Task prompt -
Look through the data below and output, unchanged, every line from the one holding "Orange and Brown" through the one holding "Poster vibrant colorful", inclusive. Skip the pictures.

Given records -
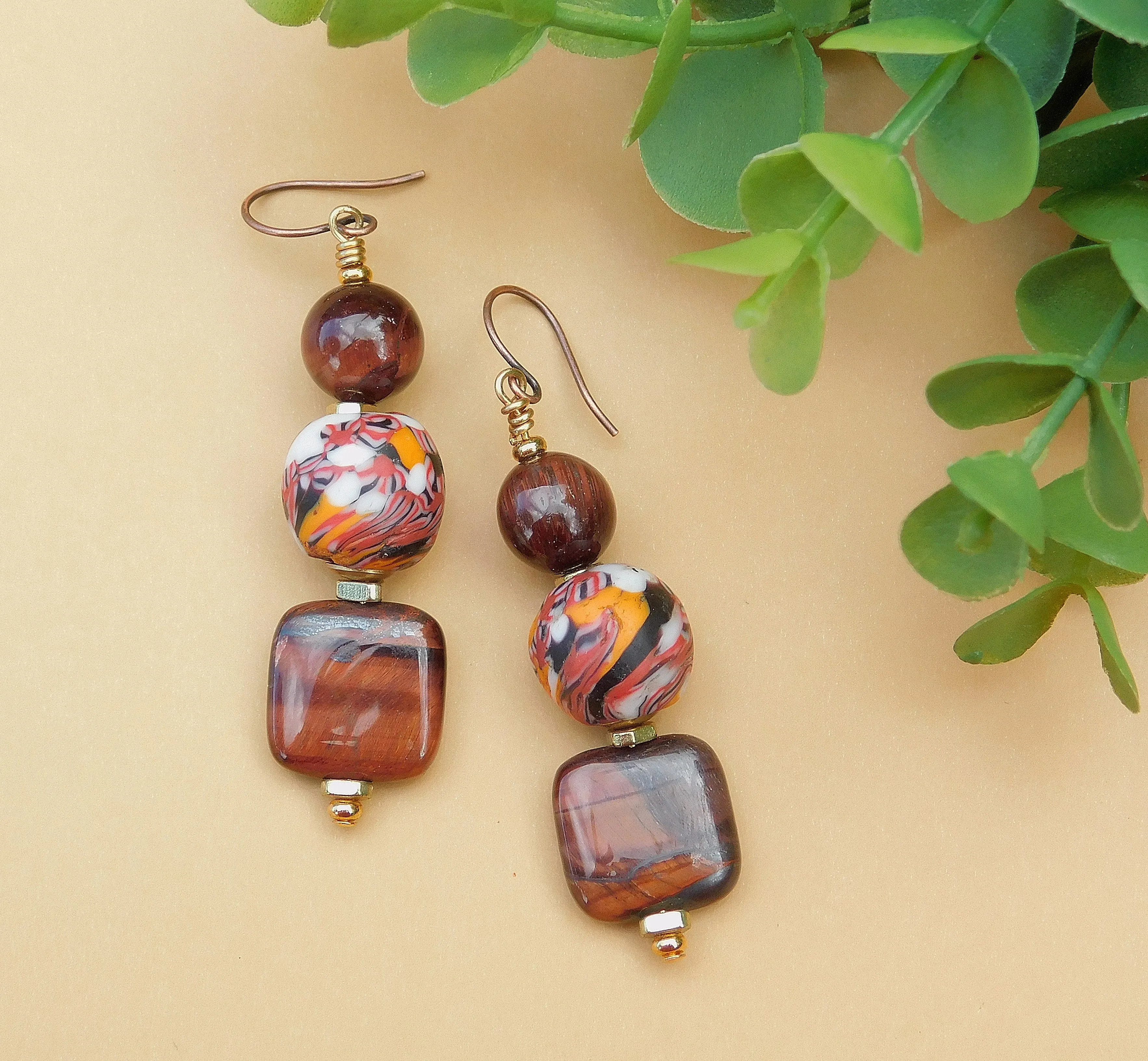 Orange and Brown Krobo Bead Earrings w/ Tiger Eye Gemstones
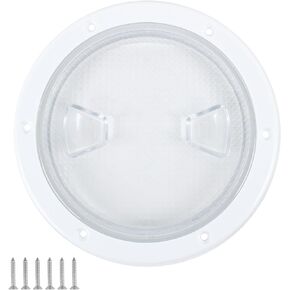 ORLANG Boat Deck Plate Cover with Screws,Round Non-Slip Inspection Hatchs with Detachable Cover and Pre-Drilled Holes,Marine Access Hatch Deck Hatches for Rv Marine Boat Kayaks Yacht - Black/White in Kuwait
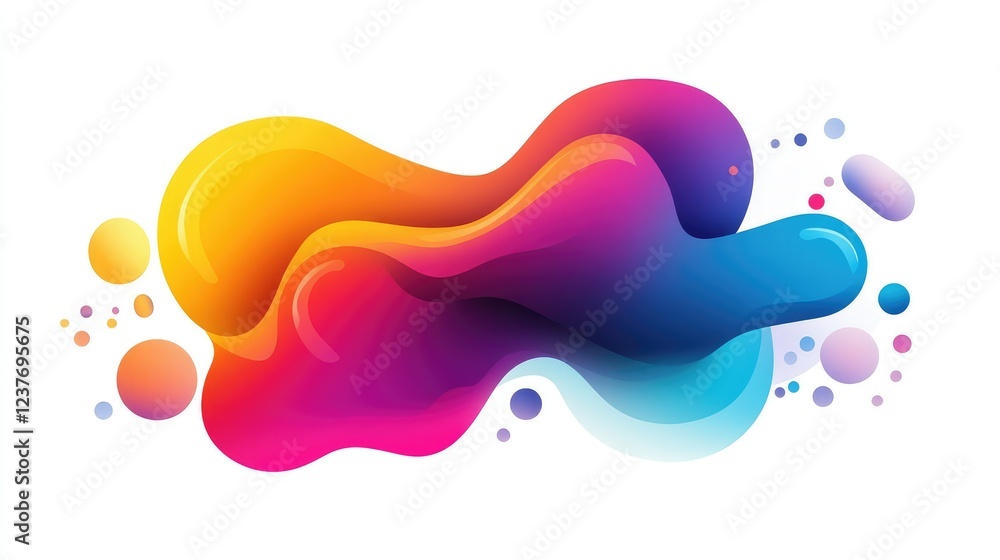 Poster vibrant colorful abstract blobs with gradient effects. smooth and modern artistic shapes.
* * *
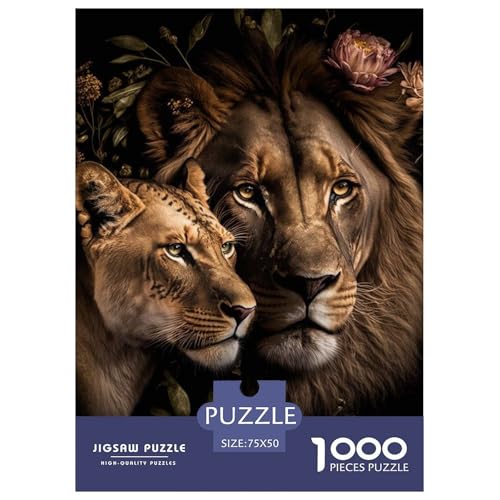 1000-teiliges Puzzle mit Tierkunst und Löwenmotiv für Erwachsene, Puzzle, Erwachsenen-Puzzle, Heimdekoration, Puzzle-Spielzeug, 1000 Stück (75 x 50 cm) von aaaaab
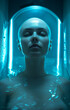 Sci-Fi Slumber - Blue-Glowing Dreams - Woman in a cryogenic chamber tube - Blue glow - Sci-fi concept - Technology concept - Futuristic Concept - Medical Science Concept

Your response -
 Orange and Brown Krobo Bead Earrings w/ Tiger Eye Gemstones
 ORLANG Boat Deck Plate Cover with Screws,Round Non-Slip Inspection Hatchs with Detachable Cover and Pre-Drilled Holes,Marine Access Hatch Deck Hatches for Rv Marine Boat Kayaks Yacht - Black/White in Kuwait
 Poster vibrant colorful abstract blobs with gradient effects. smooth and modern artistic shapes.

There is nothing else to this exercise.